Views on protecting Alaska changed in 1942, after the Japanese bombed Dutch Harbor, conducted reconnaissance operations along the vast coastline and the seizure of Attu and Kiska, in the Aleutians chain. Roughly 6,600 men (and women) were recruited for the initial cadre and as many as 20,000 served in the Territorial Guard before it was disbanded in 1947.

During World War II, guard members provided security for several strategic facilities, including the only platinum mine in the Western Hemisphere. They also guarded the route for Lead-Lease Aid provided to the Soviet Union. The guard was also one of the first racially-integrated units in the U.S. military. More than five years before Harry Truman ended segregation in the armed forces, the territorial guard had Alaskans of all ethnic backgrounds serving side-by-side.

Of the guard's earliest recruits, only about 300 are still living. Remarkably, most members of the guard served without pay and did not receive veteran status from the U.S. government until 2000.

Alaska Republican Senator Lisa Murkowski described the White House decision as "deeply disturbing, bordering on the insensitive." Her Democratic colleague, Mark Begich, was equally frustrated:

"We are talking about 26 brave, elderly Alaska Natives who served honorably for this country during World War II," Begich said in a statement. "I, frankly, find it puzzling how the administration could object to giving these men the recognition they deserve. The federal government deserted these men at the end of the war, and I hope the Congress and my colleagues in the Senate won't let that happen again."

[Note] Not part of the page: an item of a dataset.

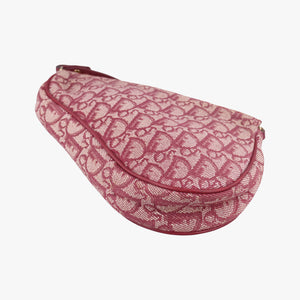 Pre-owned Christian Dior Saddle Red×beige jacquard  handbag | stylenewstar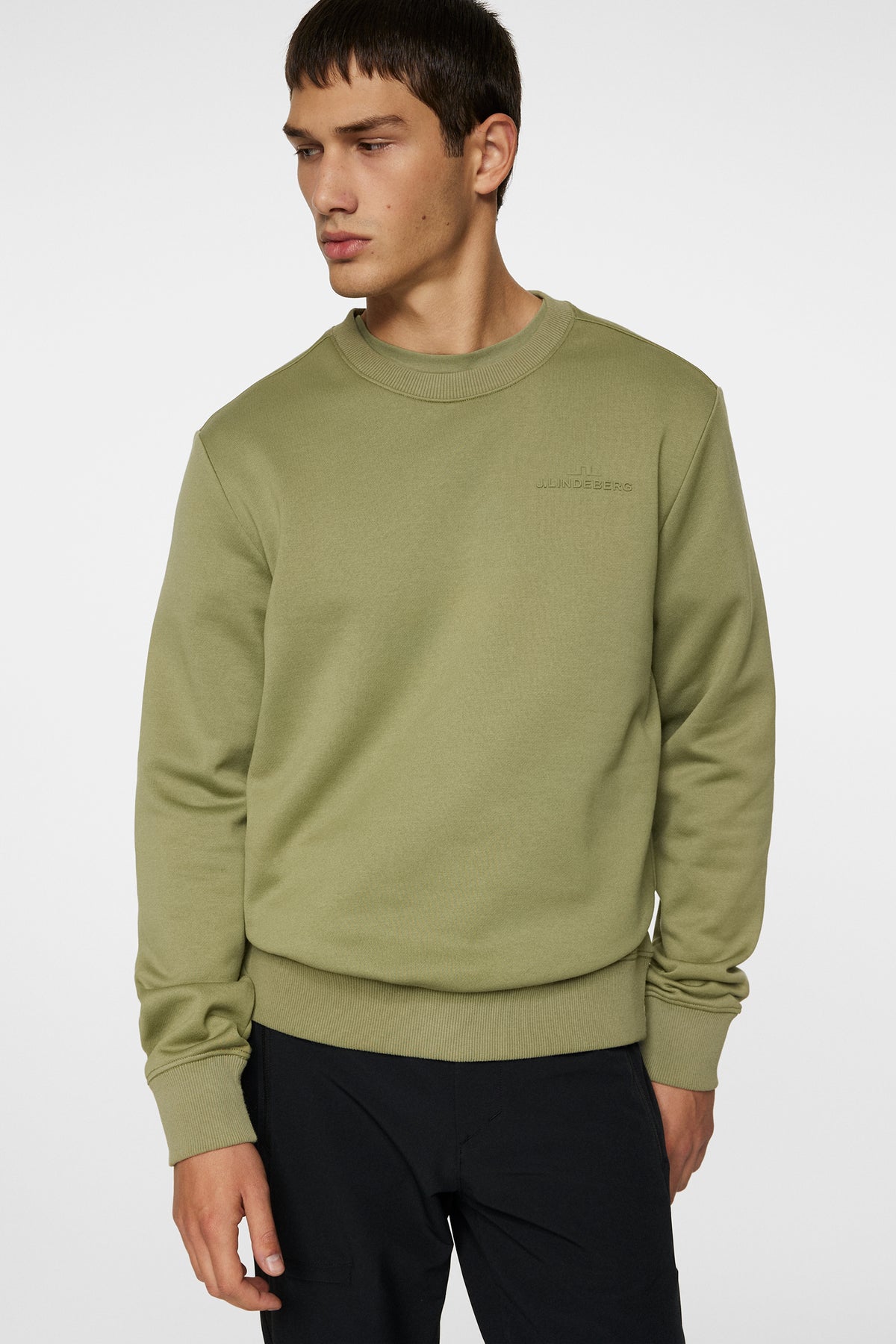 Alpha Crew Neck in Oil Green by J.Lindeberg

This matter should be a no-brainer. The total cost of funding the pensions is less than $1 million a year, a tiny fraction of the money wasted in this year's stimulus bill. But the White House is siding with the Army's bean-counters, denying a few dollars to men who served their country faithfully and honorably. Someone ought to ask the Aleut, Inupiaq, Tlingit and Yupik veterans of the territorial guard how "hope and change" is working for them.

2 comments:

Brian said...

"Trillions in new budget deficits; social security on the verge of insolvency, and reckless spending as far as the eye can see."

I'm pretty sure that could refer to any US Administration from the last 10 years...

Anonymous said...

You'd think that the mental midgets in the Obama administration would check a few basic facts first. Their stated basis for refusing this claim is that the Guardsmen were State employees and that they did not want to set a precedent.

Alaska wasn't a state until 3 January 1959. As a Territory, ultimate oversight of Territorial government rested with the US Congress. If that's not Federal employment, I don't know what is.